*** Data to examine ***

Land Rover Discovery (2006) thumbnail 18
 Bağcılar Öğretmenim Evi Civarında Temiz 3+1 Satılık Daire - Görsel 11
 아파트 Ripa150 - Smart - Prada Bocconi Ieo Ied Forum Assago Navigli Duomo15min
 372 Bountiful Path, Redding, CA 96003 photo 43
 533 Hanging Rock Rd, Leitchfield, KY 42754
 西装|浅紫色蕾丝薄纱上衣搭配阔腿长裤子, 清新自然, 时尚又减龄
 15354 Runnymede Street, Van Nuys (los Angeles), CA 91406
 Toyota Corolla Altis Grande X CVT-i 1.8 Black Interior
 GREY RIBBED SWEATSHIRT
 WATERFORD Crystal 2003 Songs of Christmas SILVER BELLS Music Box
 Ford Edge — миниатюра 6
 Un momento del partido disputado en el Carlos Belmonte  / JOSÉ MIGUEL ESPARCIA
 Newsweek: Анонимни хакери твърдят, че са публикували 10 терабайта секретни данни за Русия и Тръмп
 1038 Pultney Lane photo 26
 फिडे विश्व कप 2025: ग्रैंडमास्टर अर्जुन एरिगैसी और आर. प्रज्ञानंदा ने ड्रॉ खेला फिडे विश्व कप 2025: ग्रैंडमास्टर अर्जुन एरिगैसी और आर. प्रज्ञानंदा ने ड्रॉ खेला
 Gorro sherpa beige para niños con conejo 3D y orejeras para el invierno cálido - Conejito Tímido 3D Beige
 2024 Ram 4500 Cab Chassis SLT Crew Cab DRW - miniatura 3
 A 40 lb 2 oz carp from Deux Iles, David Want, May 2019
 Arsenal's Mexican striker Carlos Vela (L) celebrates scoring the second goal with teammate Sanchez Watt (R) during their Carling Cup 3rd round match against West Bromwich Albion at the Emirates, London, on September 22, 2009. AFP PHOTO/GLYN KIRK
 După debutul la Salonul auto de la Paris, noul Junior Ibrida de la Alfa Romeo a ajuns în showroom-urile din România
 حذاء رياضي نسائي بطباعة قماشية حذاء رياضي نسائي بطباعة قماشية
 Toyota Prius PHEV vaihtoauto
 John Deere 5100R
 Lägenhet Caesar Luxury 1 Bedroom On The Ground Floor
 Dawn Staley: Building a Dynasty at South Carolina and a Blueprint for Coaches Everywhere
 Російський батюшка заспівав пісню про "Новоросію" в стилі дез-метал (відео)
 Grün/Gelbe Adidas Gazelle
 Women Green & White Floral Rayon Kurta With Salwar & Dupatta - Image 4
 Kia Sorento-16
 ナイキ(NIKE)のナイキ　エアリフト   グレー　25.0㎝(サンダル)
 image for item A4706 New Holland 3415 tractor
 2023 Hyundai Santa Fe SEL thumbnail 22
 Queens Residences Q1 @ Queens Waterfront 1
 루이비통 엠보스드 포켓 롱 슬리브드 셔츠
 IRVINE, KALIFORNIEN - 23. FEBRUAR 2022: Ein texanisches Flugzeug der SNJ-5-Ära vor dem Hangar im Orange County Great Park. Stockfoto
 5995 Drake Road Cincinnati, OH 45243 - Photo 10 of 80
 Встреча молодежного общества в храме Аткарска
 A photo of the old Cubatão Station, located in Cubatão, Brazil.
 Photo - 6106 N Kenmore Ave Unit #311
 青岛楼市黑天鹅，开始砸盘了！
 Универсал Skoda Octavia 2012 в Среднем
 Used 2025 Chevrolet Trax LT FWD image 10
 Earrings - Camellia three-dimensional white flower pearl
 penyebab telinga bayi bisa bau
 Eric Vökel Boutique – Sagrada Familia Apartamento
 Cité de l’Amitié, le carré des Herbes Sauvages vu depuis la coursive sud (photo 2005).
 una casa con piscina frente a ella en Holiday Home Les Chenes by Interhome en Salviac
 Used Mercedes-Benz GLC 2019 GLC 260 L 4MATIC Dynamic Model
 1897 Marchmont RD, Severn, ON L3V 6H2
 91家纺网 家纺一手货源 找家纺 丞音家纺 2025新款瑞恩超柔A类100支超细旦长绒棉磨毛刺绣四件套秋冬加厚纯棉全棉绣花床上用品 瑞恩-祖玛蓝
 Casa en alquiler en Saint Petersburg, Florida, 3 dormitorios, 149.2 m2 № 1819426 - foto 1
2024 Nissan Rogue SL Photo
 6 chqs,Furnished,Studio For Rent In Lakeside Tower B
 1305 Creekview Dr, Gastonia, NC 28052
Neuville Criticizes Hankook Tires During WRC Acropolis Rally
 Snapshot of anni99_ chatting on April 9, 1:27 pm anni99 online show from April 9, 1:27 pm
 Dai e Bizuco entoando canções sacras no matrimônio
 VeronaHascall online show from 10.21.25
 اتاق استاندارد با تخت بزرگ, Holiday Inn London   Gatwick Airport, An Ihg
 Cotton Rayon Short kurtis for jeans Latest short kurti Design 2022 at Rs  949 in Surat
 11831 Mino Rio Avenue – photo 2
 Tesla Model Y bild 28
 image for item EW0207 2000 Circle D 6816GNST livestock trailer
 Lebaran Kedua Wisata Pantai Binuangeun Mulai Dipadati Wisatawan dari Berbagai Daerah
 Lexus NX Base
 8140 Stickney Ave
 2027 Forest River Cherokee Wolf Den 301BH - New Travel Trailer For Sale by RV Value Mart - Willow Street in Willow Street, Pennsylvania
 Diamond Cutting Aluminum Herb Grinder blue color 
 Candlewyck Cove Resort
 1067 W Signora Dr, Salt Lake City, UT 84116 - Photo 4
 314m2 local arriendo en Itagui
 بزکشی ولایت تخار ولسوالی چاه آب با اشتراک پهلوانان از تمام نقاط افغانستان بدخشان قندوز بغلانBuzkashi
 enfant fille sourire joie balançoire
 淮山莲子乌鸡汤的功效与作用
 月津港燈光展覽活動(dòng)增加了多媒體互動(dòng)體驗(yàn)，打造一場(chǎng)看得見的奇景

*** End of Data to examine ***

» **Exercise description**:
Print only these lines, please. They run from the start of the entries above to the line containing "Toyota Corolla Altis", both ends included, and must match exactly.

» **Written response**:
Land Rover Discovery (2006) thumbnail 18
 Bağcılar Öğretmenim Evi Civarında Temiz 3+1 Satılık Daire - Görsel 11
 아파트 Ripa150 - Smart - Prada Bocconi Ieo Ied Forum Assago Navigli Duomo15min
 372 Bountiful Path, Redding, CA 96003 photo 43
 533 Hanging Rock Rd, Leitchfield, KY 42754
 西装|浅紫色蕾丝薄纱上衣搭配阔腿长裤子, 清新自然, 时尚又减龄
 15354 Runnymede Street, Van Nuys (los Angeles), CA 91406
 Toyota Corolla Altis Grande X CVT-i 1.8 Black Interior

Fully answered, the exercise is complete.